## ENTRIES SHOWN
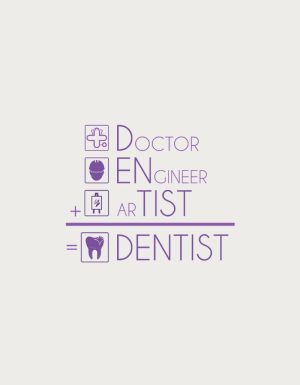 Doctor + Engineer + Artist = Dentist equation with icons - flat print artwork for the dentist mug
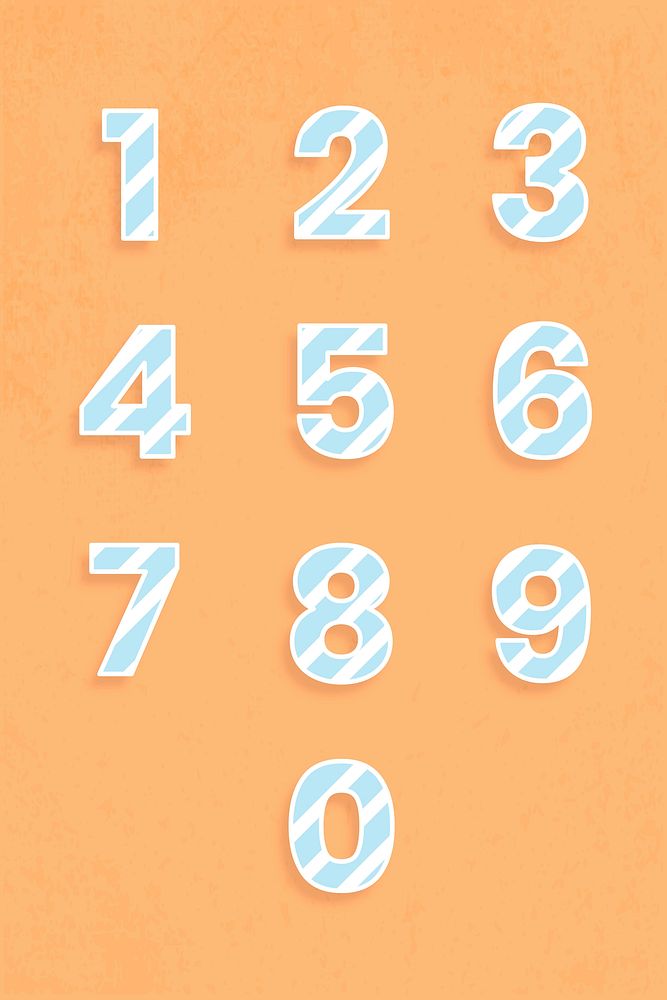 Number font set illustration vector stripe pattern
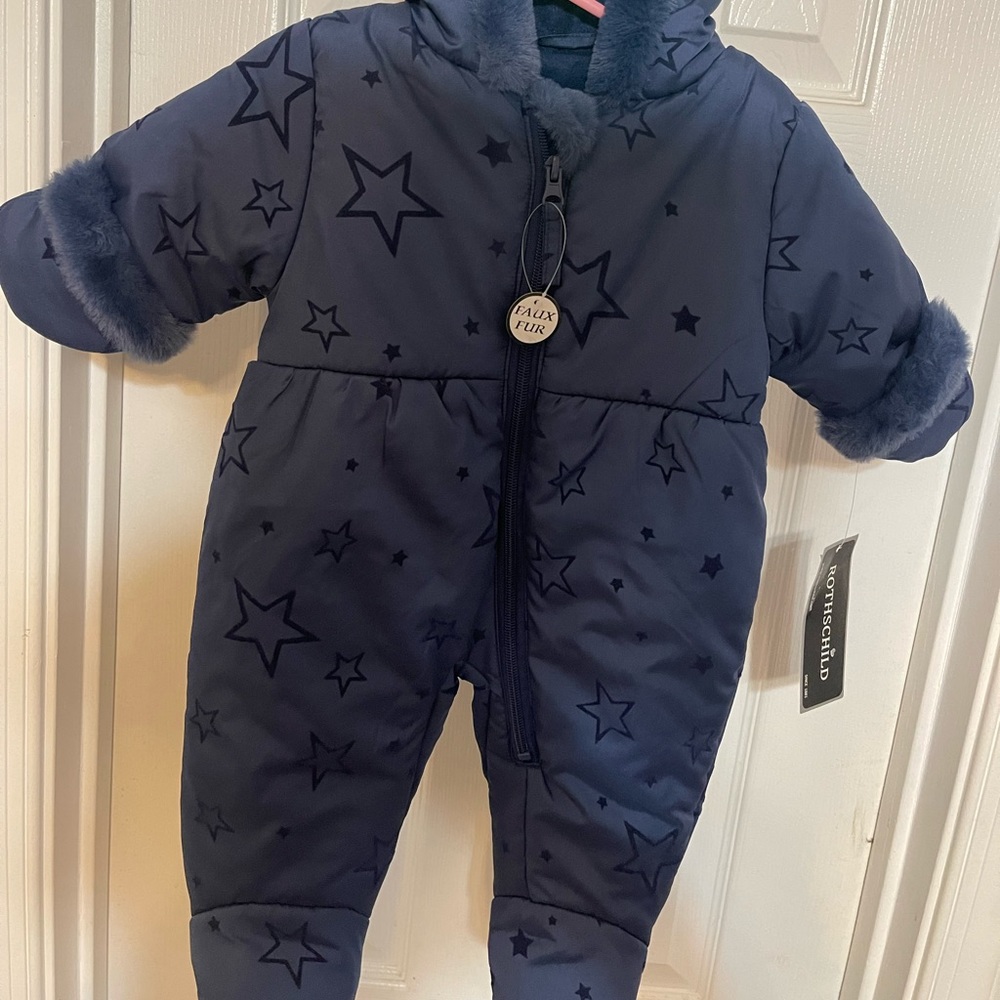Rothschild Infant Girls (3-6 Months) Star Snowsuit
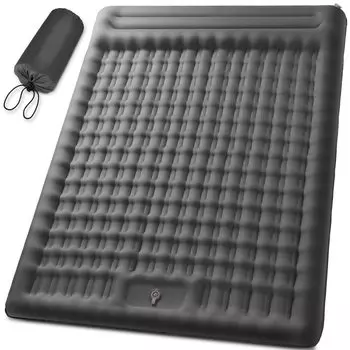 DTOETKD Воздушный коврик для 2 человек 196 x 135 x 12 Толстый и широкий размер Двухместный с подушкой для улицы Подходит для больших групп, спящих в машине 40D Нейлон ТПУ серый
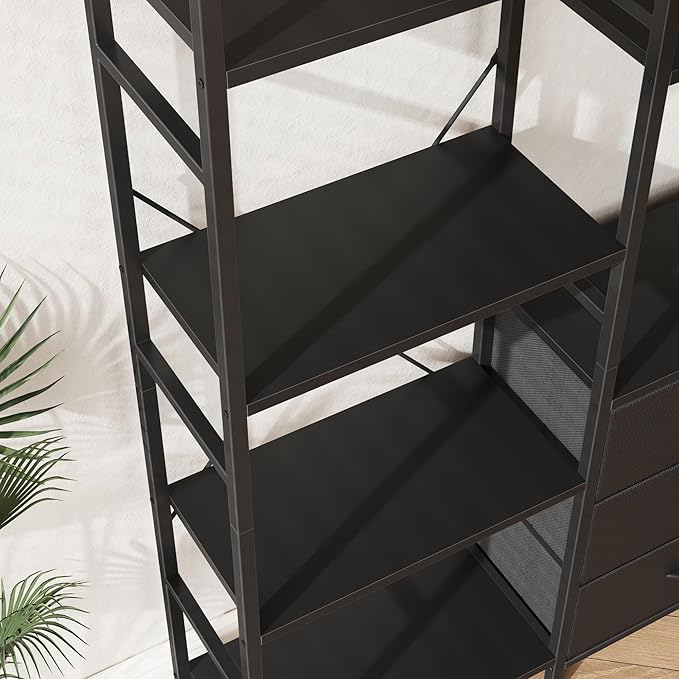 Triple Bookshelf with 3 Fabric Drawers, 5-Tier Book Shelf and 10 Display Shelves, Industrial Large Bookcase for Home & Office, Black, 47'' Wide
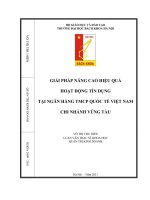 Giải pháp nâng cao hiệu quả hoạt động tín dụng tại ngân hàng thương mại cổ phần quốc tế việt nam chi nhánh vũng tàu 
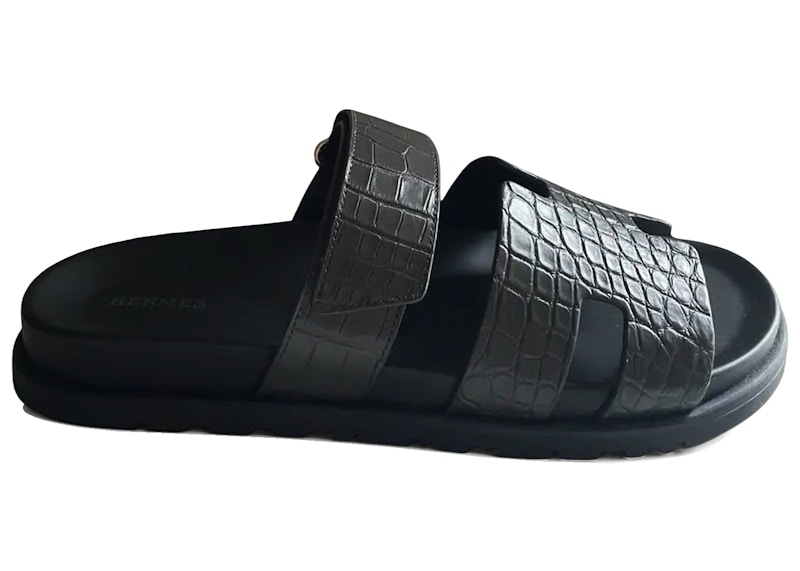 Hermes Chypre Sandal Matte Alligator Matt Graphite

## WHAT YOU HAVE TO DO
From the records above, output only the lines starting at the one containing "Rothschild Infant Girls" and ending at the one containing "DTOETKD Воздушный коврик", word for word. Pictures stay out.

## FINAL ANSWER
Rothschild Infant Girls (3-6 Months) Star Snowsuit
 DTOETKD Воздушный коврик для 2 человек 196 x 135 x 12 Толстый и широкий размер Двухместный с подушкой для улицы Подходит для больших групп, спящих в машине 40D Нейлон ТПУ серый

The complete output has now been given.